Application to the Facts
[12] En l'espèce, la poursuite a clairement identifié la pertinence de la preuve de faits similaires qu'elle souhaite introduire. La défense anticipée est que l'accusé n'a jamais frappé Médijean. La position de la poursuite est que la preuve de faits similaires est probante sur la question de savoir si l'accusé a commis l'acte de frapper Médijean. La poursuite cherche à faire un raisonnement de propension particulière à savoir que face à la frustration avec le comportement de sa fille, l'accusé a tendance à avoir recours à la force avec un bâton ou une canne.
[13] En l'espèce, j'estime que la preuve de faits similaires est probante sur la question en litige à savoir si M. Ahialoho a commis l'acte de frapper sa fille Médijean avec une canne comme moyen de discipline parce qu'il y a plusieurs similitudes entre les actes reprochés et les actes similaires en l'espèce :
(i) Proximité temporelle des actes similaires: Dans ce cas, les actes avec Amivi étaient avant 2008 tandis que les allégations relatives à Médijean sont pour la période 2008 à 2016.
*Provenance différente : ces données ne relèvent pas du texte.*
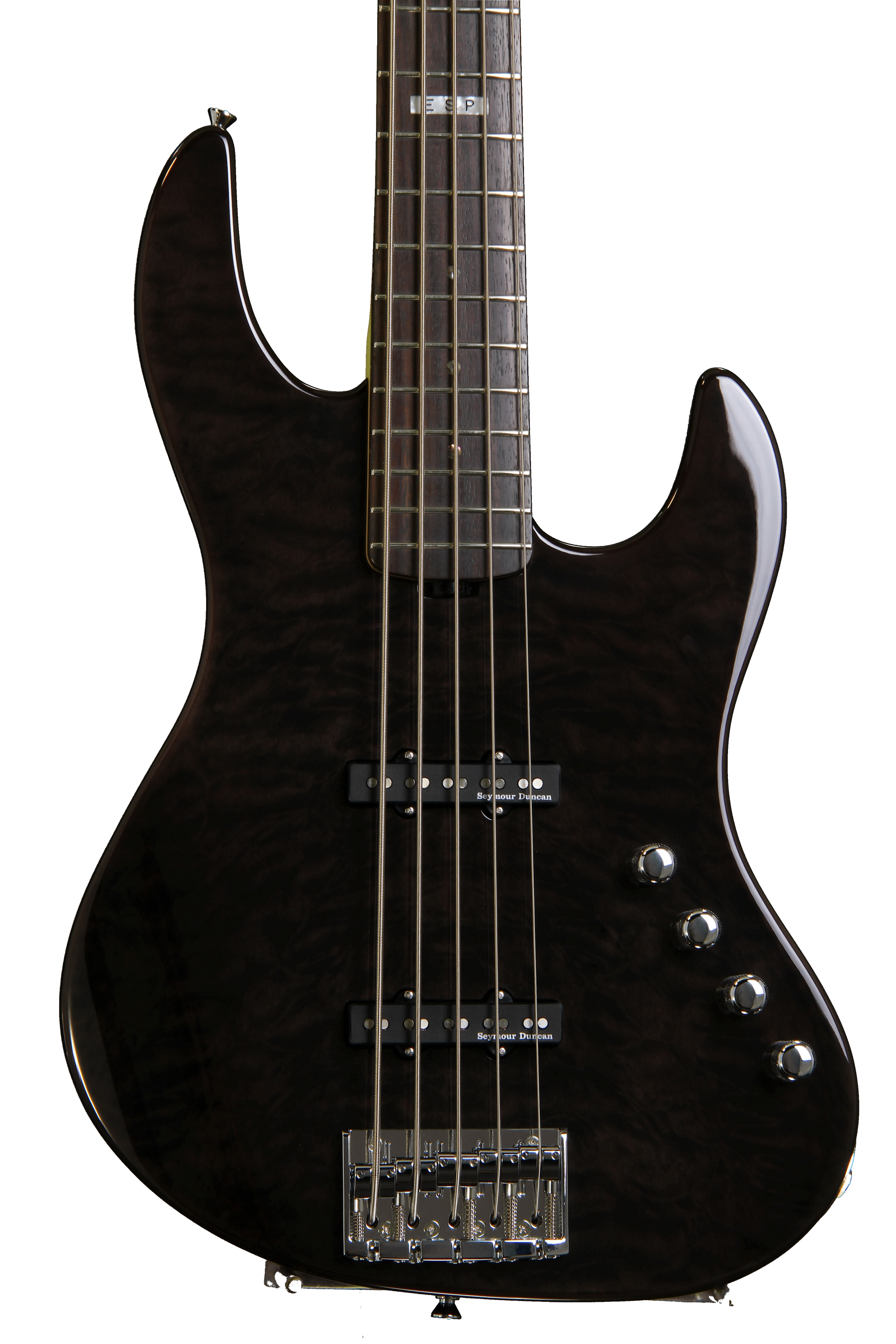 ESP E-II J5 QM Bass - See Thru Black | Sweetwater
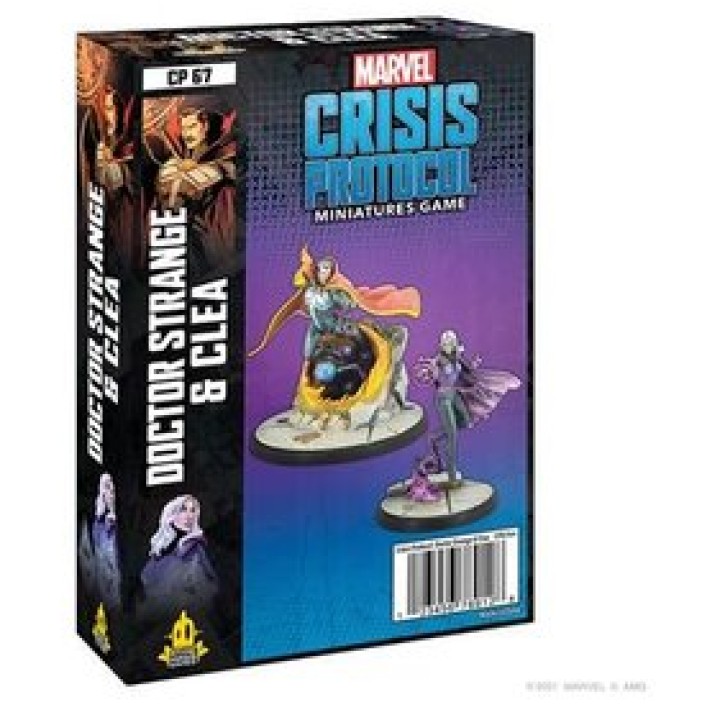 Marvel Crisis Protocol : Dr Strange et Clea | Jeux et Trolleries | Spécialiste des jeux de société, jeux de cartes et wargames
(ii) La mesure dans laquelle les autres actes ressemblent dans les moindres détails à la conduite reprochée: Il s'agit dans les deux cas, de discipline avec un objet, un bâton ou une canne. Il s'agit de discipline contre ses filles, lorsqu'elles avaient à peu près le même âge. Elles ont toutes deux témoignées que les garçons ne faisaient pas l'objet du même traitement de discipline corporelle.
(iii) La fréquence des actes similaires: Pour Amivi et Médijean, il s'agit de comportements qui se sont passés à plusieurs reprises et non d'incidents isolés.
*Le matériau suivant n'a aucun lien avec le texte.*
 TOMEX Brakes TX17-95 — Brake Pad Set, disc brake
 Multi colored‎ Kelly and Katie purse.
(iv) Les circonstances entourant les actes similaires ou s'y rapportant: Il s'agit de deux filles de l'accusé qui vivaient avec lui au moment des incidents et qui font l'objet de cette discipline corporelle après avoir commis un acte banal. Les circonstances sont très semblables.
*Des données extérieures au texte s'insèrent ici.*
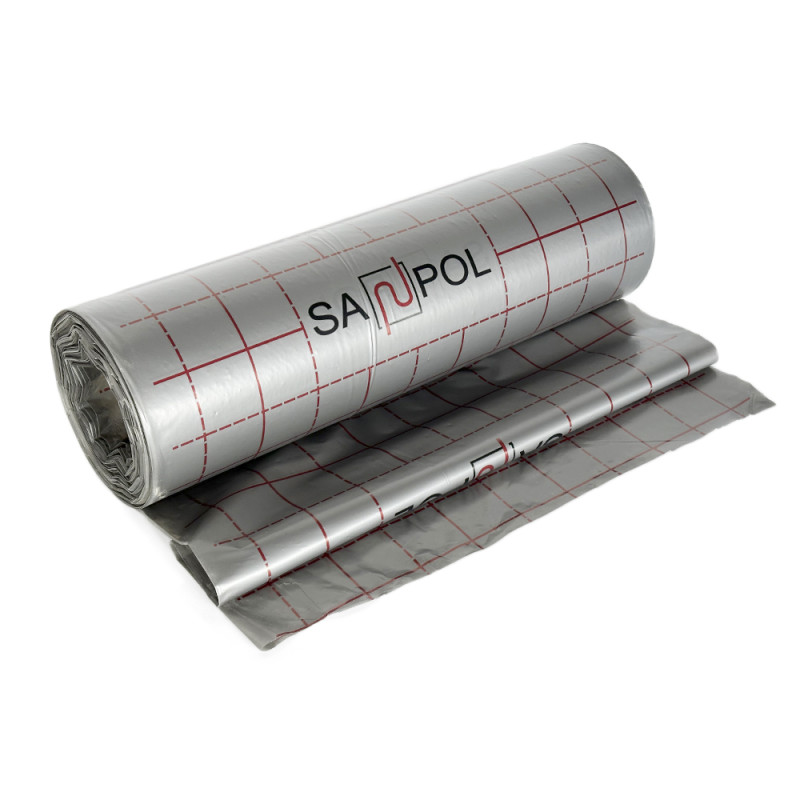 Будкрам купити Плівка поліетиленова з розміткою Sanpol для теплої підлоги, 100 м.кв Sanpreis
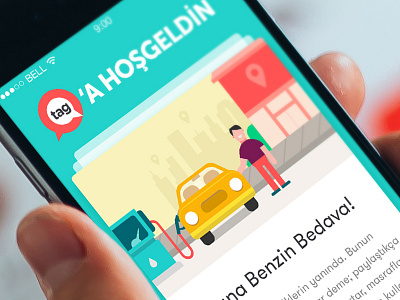 "TAG" Onbarding app car drive onboarding places share tag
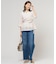 【洗える】BASIC STRETCH DENIM ワイド ストレート デニム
(v) Tout trait distinctif commun aux épisodes: Le fait d'utiliser un objet, un bâton, est distinctif.
[14] Je suis satisfaite en l'espèce qu'il n'y ait pas eu de collusion. Le fait que deux sœurs se partagent des expériences communes au sein de la famille ne constitue pas de la collusion et il n'y a eu aucune preuve de collusion pour que j'en conclue autrement.
Probative Value vs. Prejudicial Effect
[15] La prochaine étape de l'analyse est d'évaluer la valeur probante en fonction du préjudice. Dans l'affaire Handy, la Cour l'explique ainsi au paragraphe 100 :
[100] Sous cette rubrique, il est nécessaire d'évaluer à la fois le préjudice moral (c'est‑à‑dire la stigmatisation susceptible de découler de la « mauvaise personnalité ») et le préjudice par raisonnement (y compris la possibilité de semer la confusion dans l'esprit des jurés et de détourner leur attention de l'accusation réellement portée contre l'intimé). À cet égard, ont de l'importance le caractère incendiaire des abus sexuels et de la violence conjugale allégués par l'ex-épouse, ainsi que la nécessité que le jury examine séparément les sept épisodes de « fait similaire » et le seul chef d'accusation sur lequel ils sont appelés à se prononcer, à savoir l'agression sexuelle alléguée par la plaignante.
[16] Compte tenu du fait qu'il s'agit d'un procès sans jury, le risque de semer la confusion et de détourner l'attention de l'accusation réellement portée contre l'accusé est réduit et un juge siégeant seul comme en l'espèce saura éviter ces pièges.
[17] En l'espèce, je suis satisfaite que la force probante de la preuve de faits similaires l'emporte sur son effet préjudiciable.
Ruling
[18] Par conséquent, la preuve que cherche à faire admettre la poursuite sera admise. Le poids que j'y accorde sera évalué dans le contexte de toute la preuve admise au procès incluant une évaluation de la crédibilité.